Procedural Mistake Detection via
Action Effect Modeling

Michigan State University
Accepted by ICLR 2026

Abstract

Mistake detection in procedural tasks is essential for building intelligent systems that support learning and task execution. Existing approaches primarily analyze how an action is performed, while overlooking what it produces, i.e., the Action Effect. Yet many errors manifest not in the execution itself but in the resulting outcome, such as an unintended object state or incorrect spatial arrangement.

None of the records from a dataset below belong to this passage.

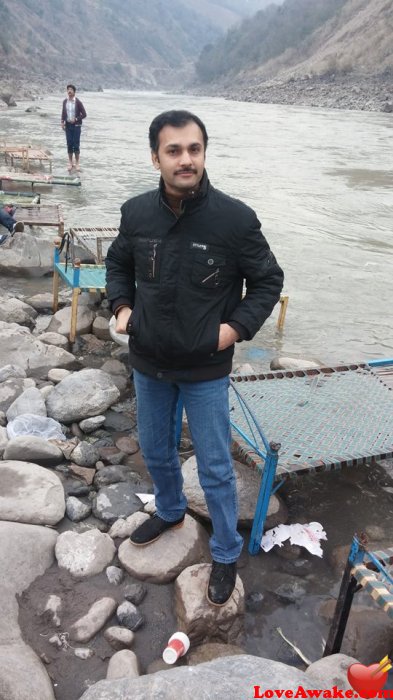 chamali Pakistani Man from Lahore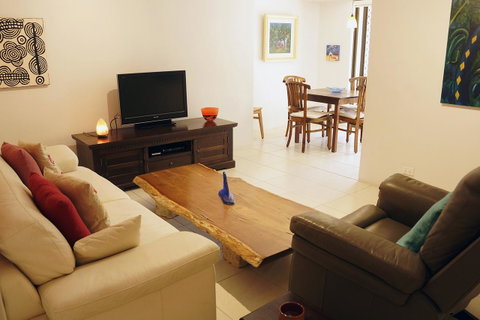 Suffolk House - Hotel NSW 7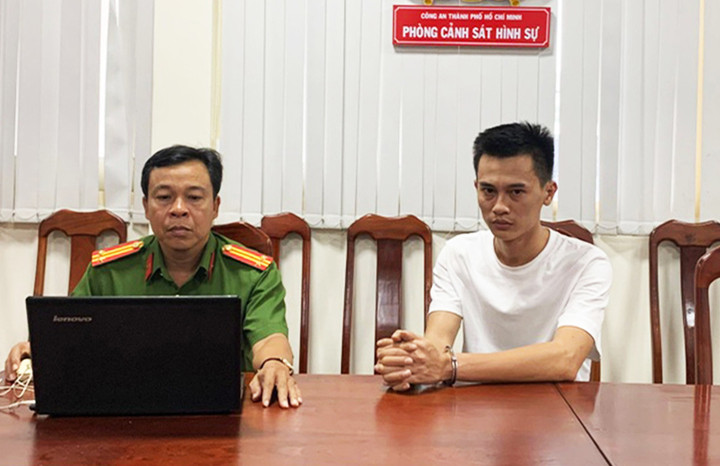 Phan Công Khanh tại cơ quan điều tra.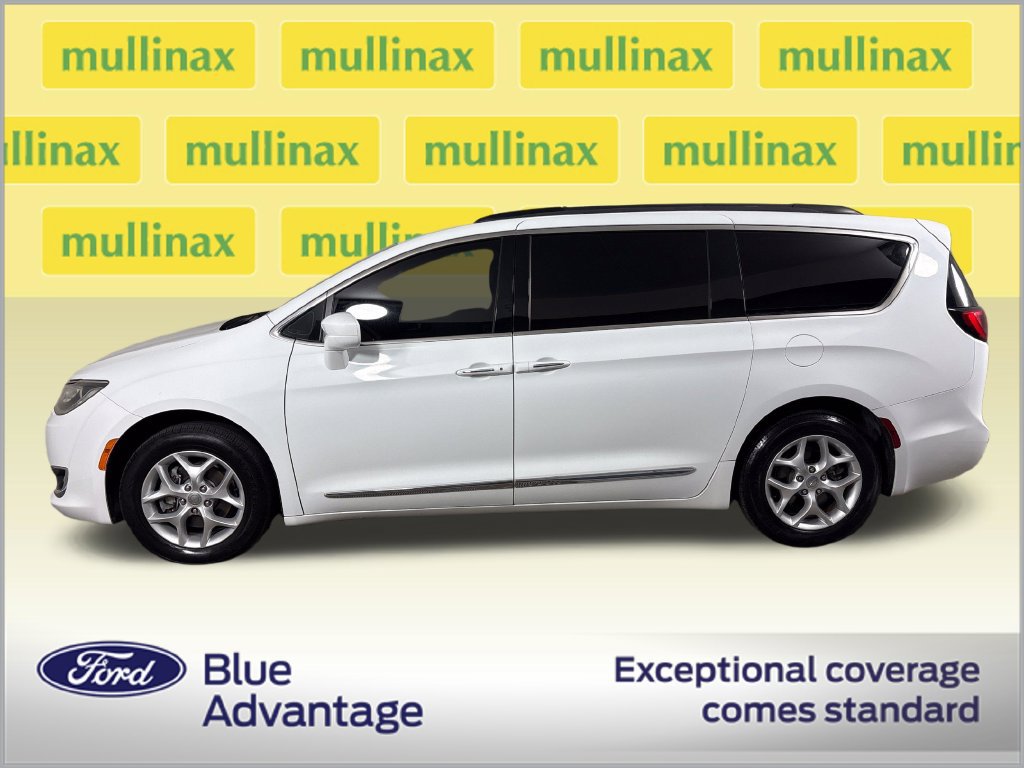 Used 2017 Chrysler Pacifica Touring-L w/ Tire & Wheel Group FWD image 10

To address this gap, we propose Action Effect Modeling (AEM), a unified framework that jointly captures action execution and its outcomes through a probabilistic formulation. AEM first identifies the outcome of an action by selecting the most informative effect frame based on semantic relevance and visual quality. It then extracts complementary cues from visual grounding and symbolic scene graphs, aligning them in a shared latent space to form robust effect-aware representations. To detect mistakes, we further design a prompt-based detector that incorporates task-specific prompts and aligns each action segment with its intended execution semantics.

Our approach achieves state-of-the-art performance on the EgoPER and CaptainCook4D benchmarks under the challenging one-class classification (OCC) setting. These results demonstrate that modeling both execution and outcome yields more reliable mistake detection, and highlight the potential of effect-aware representations to benefit a broader range of downstream applications.

Motivation

Motivation figure
Existing mistake detection approaches primarily model the execution process and assess correctness by analyzing motion patterns and action sequences. A common limitation, however, is the implicit assumption that mistakes can be identified solely from the execution trajectory, without verifying whether the final outcome matches the intended goal. In real-world scenarios, execution may appear correct while subtle deviations still lead to flawed outcomes. This highlights a critical gap: mistake detection should consider not only how an action is performed, but also whether its resulting effect aligns with the desired outcome.

Framework Overview

Framework overview.
We adopt an action segmentation backbone (ActionFormer) to extract frame-level features and non-overlapping action segments. Frame features are aggregated along the temporal dimension according to segment boundaries to form segment representations. These representations are then fed into the Action Effect Modeling module to obtain enriched effect-aware features, which are subsequently passed to a prompt-based mistake detection module.

Action Effect Modeling

Effect modeling overview.
AEM integrates action effects by extracting multimodal features from selected effect frames and using them as external supervision. These features guide a learnable effect token, which distills outcome-related semantics into the action representation.

Experimental Results

Experiment overview.
We evaluate our method on egocentric video datasets EgoPER and CaptainCook4D. The experimental results on both datsets demonstrate that our approach achieves SOTA performance.

Qualitative Results

Effect-frame Sampling

Frame sampling visualization.
Visualization of effect frame sampling results. The selected frames show the most informative moments that capture the action effects.

Scene Graph Analysis

Scene graph visualization.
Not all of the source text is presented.